Definition of "Amdo"
Amdo
proper noun
One of the three traditional regions of Tibet, the other two being Ü-Tsang and Kham.
Quotations
Rgyal-sras is said to have explained to him in a prophetic manner what he was destined to achieve and how he should proceed to Amdo, for the purpose of founding monasteries and temples there, and also for diffusing Buddhism in China.
1889, Sarat Chandra Dás, “Life of Sum-pa Khan-po, also styled Yeśos-Dpal-hbyor, the author of the Reḥumig (Chronological Table)”, in Journal of the Asiatic Society of Bengal, volume LVIII, number II, Calcutta, page 38
When the new reincarnation of the Dalai Lama was discovered in 1938 in Amdo Province a new reincarnation of the Panchen Lama was found in that same year and in the same province.
1979 March 8, “Tibetan Discontent Grows”, in Congressional Record, volume 25, number 4, Washington, D.C.: Government Publishing Office, page 4329
The inmates of this vast prison were mostly Chinese.
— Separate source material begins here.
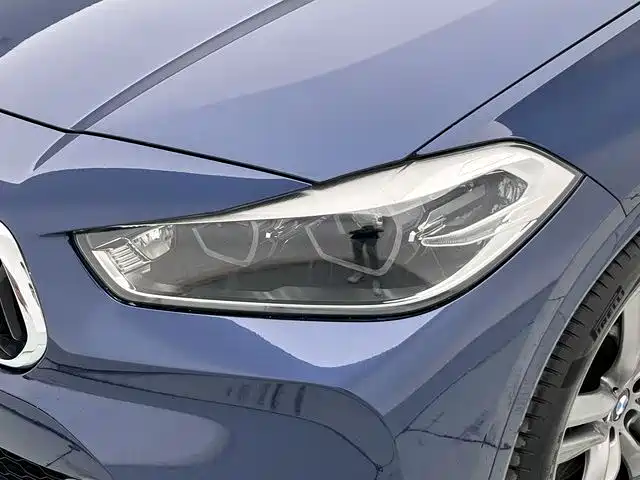 BMW X2 2022 — фото 12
We heard that there used to be 300 Tibetans, all from the Amdo region of Tibet, who were imprisoned for taking up arms against the Chinese around 1956-57. Of the 300 Tibetan prisoners only two were alive in the prison when we arrived.
1981, Tenzin Chodrak, “Seventeen Years in A Chinese Prison”, in SPEARhead, number 11, page 11
The Nhasangs themselves are from Ngaba, which is in the Amdo region of northeastern Tibetan, a cultural borderland where Tibetan and Sichuan traditions meet. China has decreed that Ngaba is within Sichuan Province.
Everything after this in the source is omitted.